Un ritratto di Francesco e Paolo Manzoni - a25architetti. Foto Marcello Mariana
Un ritratto di Francesco e Paolo Manzoni – a25architetti. Foto Marcello Mariana

Intervista a Francesco e Paolo Manzoni di a25architetti 

Non è inusuale che due persone unite da gradi di parentela o legami affettivi aprano insieme uno studio; è più particolare che due fratelli facciano questo percorso senza essere figli d’arte. Da dove nasce la vostra passione comune? 
Non sappiamo di preciso cosa ci abbiamo portato entrambi qui. Però siamo sempre stati abituati, sin da piccoli, a guardare con curiosità alle cose: da ognuna si può imparare. Proprio perché siamo cresciuti in una realtà di provincia, durante l’infanzia sperimentavamo molto usando le mani, e il gioco iniziava anche provando a costruire fisicamente, come piccole riparazioni o realizzazioni di oggetti. Questo ci ha permesso di cogliere presto il lato pratico, applicativo e non solo quello teorico che ci veniva insegnato a scuola.  

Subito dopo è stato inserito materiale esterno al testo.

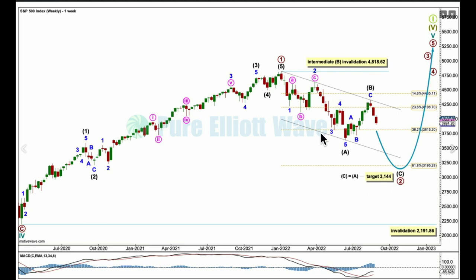Drawing an Elliott channel around primary 2, it fits beautifully. I've drawn this from the start of A to the end of B, beautifully tested for support here at the end of minor 2. Placing a parallel copy on the end of A — if it's time-consuming enough, C may continue along support at the lower trend line, but it could be powerful enough to break through support at the lower edge of that channel. Sometimes C waves do that; they are in a third wave position and can have similar third-wave strength.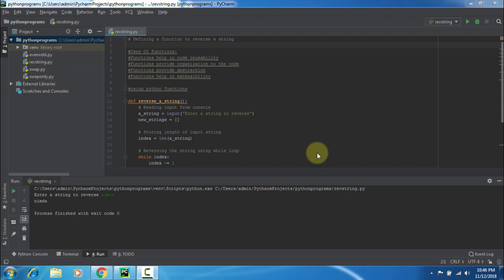The functions are very helpful to reuse the code. Many options are available for reusability of that functions and organization of the code, structures based on the function names, providing the abstraction. The function will help in extensibility.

Come avete scelto il nome a25architetti? Cosa significa? 
La risposta è molto semplice: abbiamo aperto lo studio in un edificio (che è anche casa nostra) che si trova in via Arnigò (da qui la “a” iniziale) al civico 25. 

Una denominazione che anticipa la scelta di lavorare in provincia, nel vostro territorio di origine. 
È vero, abbiamo un profondo legame con il territorio; abbiamo deciso di iniziare da qui. Dopo l’università abbiamo fatto individualmente diverse esperienze formative, abbiamo poi seguito qualche primo incarico insieme capendo che quello che proponevamo, e le idee che nascevano, erano un mix interessante che poteva funzionare bene. Ci teniamo molto a lavorare dove siamo nati e cresciuti: nella nostra professione ci sono una serie di pensieri e abitudini che sono legate ai luoghi, dagli aspetti culturali ai modi di costruire. Inoltre l’essere in provincia comporta un metodo di lavoro che ti coinvolge a 360°, dal fare la pratica edilizia al seguire il cantiere; se si lavora in contesti urbani o comunque a scale maggiori, il lavoro viene frazionato tra più persone. A noi piace avere il controllo e il coordinamento totale dell’opera e ci teniamo molto anche al rapporto diretto con la committenza. 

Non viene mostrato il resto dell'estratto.